Андрей взглянул на румяное, весёлое лицо Федора. Купец был могуч — в плечах косая сажень, руки, ноги — ровно балки под крышей, а ладонь, лежавшая сейчас на плече пассажира, могла вместить самую большую чашу. Загребущая рука у купца — где ни учует деньгу, сама туда протянется. Немало и с Андрея сгрёб, даром что свой…

— Да вот, писал тут кое-что…

— Пишешь всё, пишешь. Об чём это?

— Обо всём, что повидать довелось, князь спрашивать станет.

— Долго ль ты на чужбине жил?

— Четыре года с лишним…

— Заскучал, что ли?

— А как же иначе? По себе знаешь небось!

— Да некогда нам скучать-то. Туда-сюда плаваешь, получше купить-продать ловчишь, даже глотка охрипнет. Хитры они, чужеземные-то, и торговать мастера.

— Сам-то ты другой, что ли?

— Зачем другой? — громогласно захохотал Фёдор. — И я берегусь. В торговле без того нельзя.

— А скажи ты мне, Фёдор, скоро ль до Киева доплывём?

— До Киева-то? Да вот, считай: от Царьграда до Дуная клади пятнадцать дней. От Дуная до устья батюшки Днепра — ещё десяток. Ну и вверх по Днепру худо-бедно дней пятнадцать набежит. Это коли всё ладно будет. Неделю уж плывём, стало быть, через месяц родному Киеву поклонимся!

— Ты всё занят да занят. Давно хочу попросить — расскажи ты мне, что дома нового, всё ль подобру-поздорову?

— Худого не слыхать. Богат, приволен Киев-град. В чужих краях, как приплывёшь, и то нахваливают, про князя нашего речь ведут.

— Как князь-то? Здоров ли?

— Болеть особо не болел. Однако ж, сам знаешь, года его не малые. Четыре года на восьмой десяток перевалило. По жене, говорят, тоскует.

— Молодые князья что?

— Переженились все. У Всеволода от грекини его сын родился. Владимиром, по дедушке, назвали.[16] У Анны-то Ярославны есть кто?

— Сын.
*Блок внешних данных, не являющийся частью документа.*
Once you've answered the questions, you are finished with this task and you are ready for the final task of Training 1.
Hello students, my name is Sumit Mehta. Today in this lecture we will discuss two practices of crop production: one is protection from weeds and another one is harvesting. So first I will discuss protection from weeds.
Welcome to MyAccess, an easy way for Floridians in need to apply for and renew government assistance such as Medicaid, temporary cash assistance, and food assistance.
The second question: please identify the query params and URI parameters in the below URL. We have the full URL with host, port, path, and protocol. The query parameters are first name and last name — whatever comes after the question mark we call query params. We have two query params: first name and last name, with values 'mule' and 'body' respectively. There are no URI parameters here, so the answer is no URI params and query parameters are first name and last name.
Филиппом назвали.

— Не тоскует княжна?

— Привыкла. Сперва-то, конечно, тяжко ей было. Ну, а теперь, сам понимаешь, ребёнок. Да и уважают её все. Король без неё шагу не ступит, во всех делах совета спрашивает.
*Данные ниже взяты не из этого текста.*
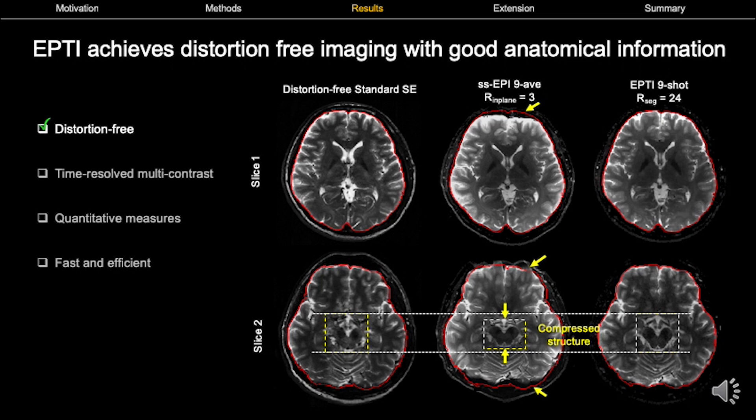Now let's look at some results. First, we evaluate the distortion levels. You're looking at distortion-free standard spin echo scan as the reference, single-shot EPI, and EPTI. We see that EPTI has accurate digital brain boundaries matching those extracted from the distortion-free reference scan, whereas single-shot EPI shows severe distortions with compressed structures.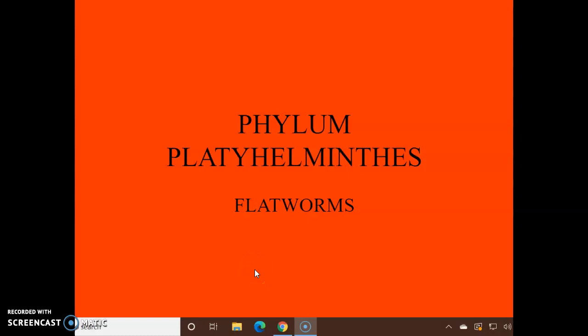Hello, this is Miss Brown. Today we start our study of the worm group. You have a chart to fill in, and we'll do a different group on each screencast. Remember you can stop this to fill in. Let's start with the flatworms — they are in phylum Platyhelminthes, and 'plat' means flat, like plateau, to help you remember.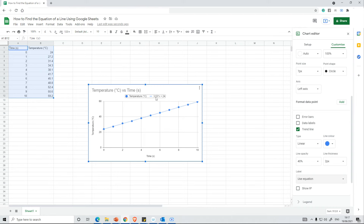Here we've got 3.53x, which is the gradient or the slope, and then we've got 24 which is the y-intercept. That matches up with the zero point here because it's quite a good line of best fit.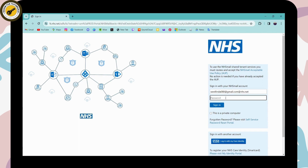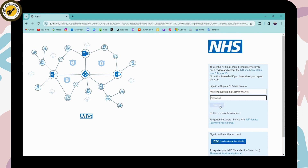After entering your email address, you need to enter your password. If you forgot your password, there is a forgot password or password reset portal — you can click on that to reset your password. If you remember your password, simply enter it and click Sign In to be signed into your account.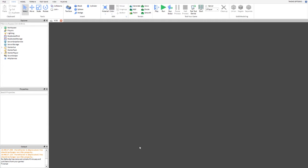Alright, hey everyone, welcome to the first ever preview video on my YouTube channel. This preview video will be about my XOS Roblox operating system. Just a little information about it — it's still in development currently, so don't expect a lot from it. It's also heavily based off the macOS X Yosemite design.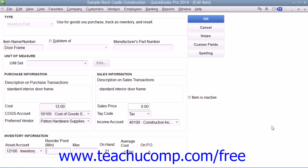After creating the Inventory Part item, click the OK button to save the item.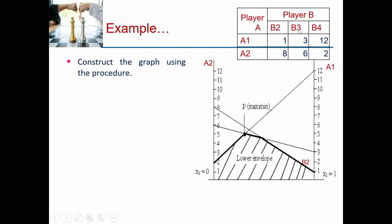Next, for B3 the points are 3 and 6 — mark 3 on the right side and 6 on the left side, then join with a straight line to get the B3 strategy line. For B4, the points are 12 and 2 — join these two points to get the B4 strategy line.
— Ишь ты! Знай наших! Русские нигде не пропадут!

— О других княжнах слыхал ли что?

— Доводилось. Плавал я с товаром на остров Готланд, что в море за озером Нево[17] лежит, так там болтали купцы, будто Елизавета Ярославна своему норвегу Гаральду двоих девок родила.

— Сыновей нет у ней?

— Не слыхать.

— Анастасия как? Видал я её, как во Францию ехал, а с той поры не знаю ничего.

— И у той всё ладно. Тут вернулся кое-кто из тех дружинников, что дал князь Ярослав для оберегу, когда Эндре ихний Анастасию из Киева домой, в Венгрию, увозил. Баяли они, будто монахи наши, с княжной посланные, дивных монастырей понастроили, кельи прямо в горе выбили.[18]
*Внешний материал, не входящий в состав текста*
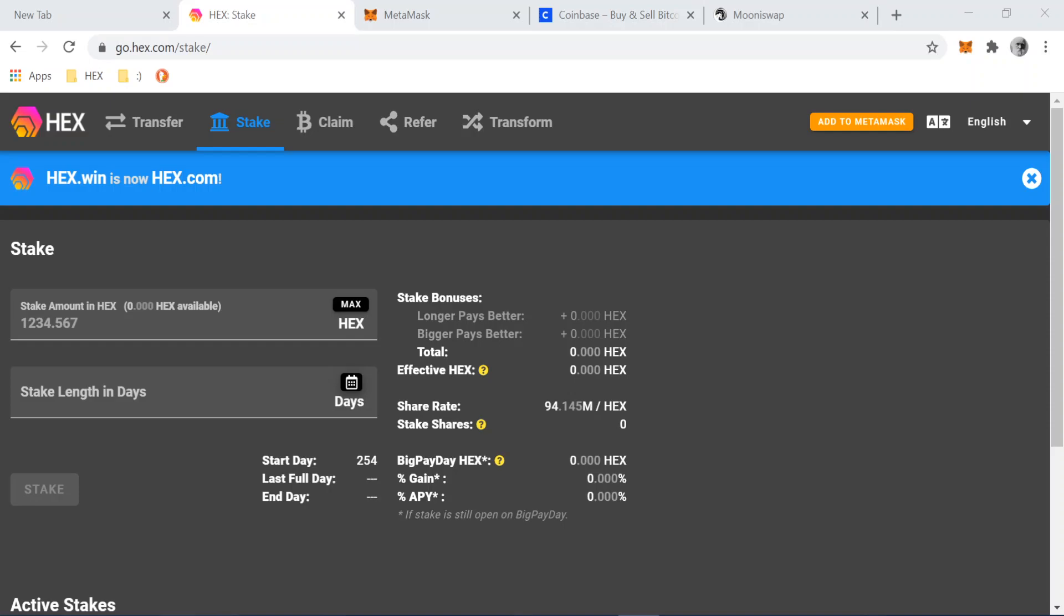All right, so you've established your Coinbase account and you went through all of the routine of giving them your driver's license and all of your personal information. It's just like setting up a bank account and now you're able to buy Ethereum and you've done that and then you've also sent that Ethereum to, let's say, your MetaMask wallet, right?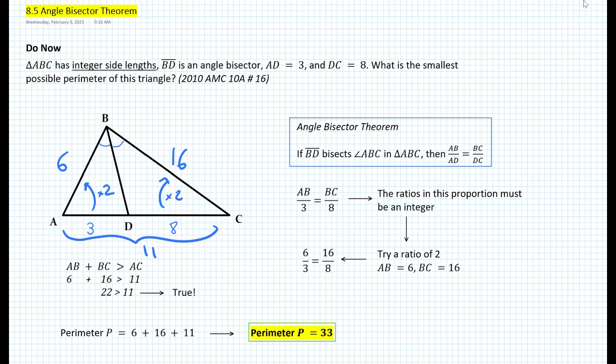We were able to solve this problem using the angle bisector theorem learned in today's lesson. That's basically it for today. Thank you for watching and have a wonderful day.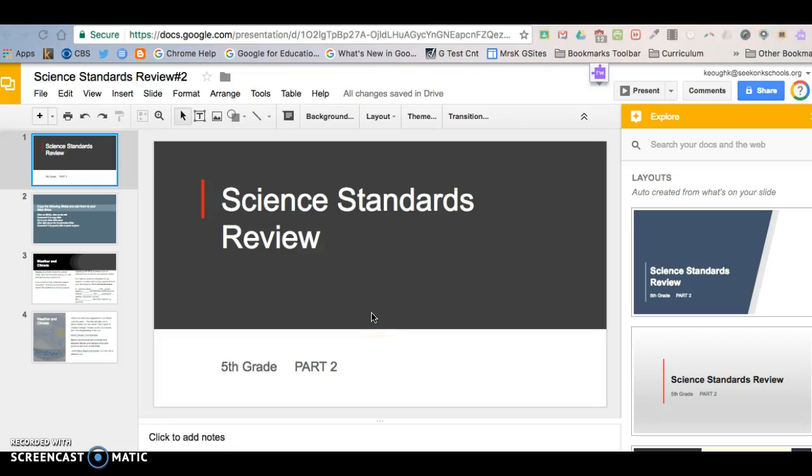Hey everybody, this is Mrs. Keogh. Today I'm going to show you how to copy a slide from one presentation into another Google presentation.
— Не притесняют их, стало быть, иноверцы?

— Нет. Эндре-то сам русской княжны сын, говорят…

— Слыхал про то… Много русской крови в королевских домах по всей Европе.

— Вот и французский король будет русёночком, — засмеялся Фёдор, — а буде тоже на нашей женится, и вовсе обрусеют короли французские…

— Долго ещё Филиппу до женитьбы. Ходит-то ещё через пень-колоду.

— Ты-то что ж из Франции жену не везёшь?

Лицо Андрея потемнело.

— Так живу… — коротко ответил он.

— Ну, ну! А то приходи в Киеве. Высватаю…

— Пока что — до свадьбы — расскажи, где стоять по пути будем?

— Аи много где. Насмотришься…

Стоянок действительно оказалось много. Бойкий купец всюду хоть помаленьку да торговал, и мучительное нетерпение сжигало Андрея. Теперь, когда родина была уже так близко, разлука с ней казалась особенно тяжкой. О покинутой в Константинополе могилке он старался не думать. Слишком горько, слишком свежа ещё рана. Потом, когда где-нибудь в тиши поселится… Да разве знает он, где жить доведётся? Что князь Ярослав укажет? Может, не приведи господь, ещё куда пошлёт?

Киев открылся как-то внезапно. Повернул вдруг Днепр—и словно занавеску откинули — вот он, гляди! Пасмурный был день, а тут как раз солнышко, будто по заказу, выплыло. Засияли купола золотые…

К берегу чалились медленно, осторожно. Очень много разных кораблей столпилось, не сразу место найдёшь. Фёдор ругался до хрипоты, орал на своих и чужих матросов. Свои-то помалкивали, а чужие в долгу не оставались. Андрей, сжимая шапку в руке, неотрывно глядел на буйную сутолоку киевского порта. Ещё шумнее, ещё многолюднее стал он за эти годы. Прибавилось и кораблей, и товаров, и крику, конечно. Да никак и церкви новые на горе выросли? И Подол словно пошире прежнего раскинулся!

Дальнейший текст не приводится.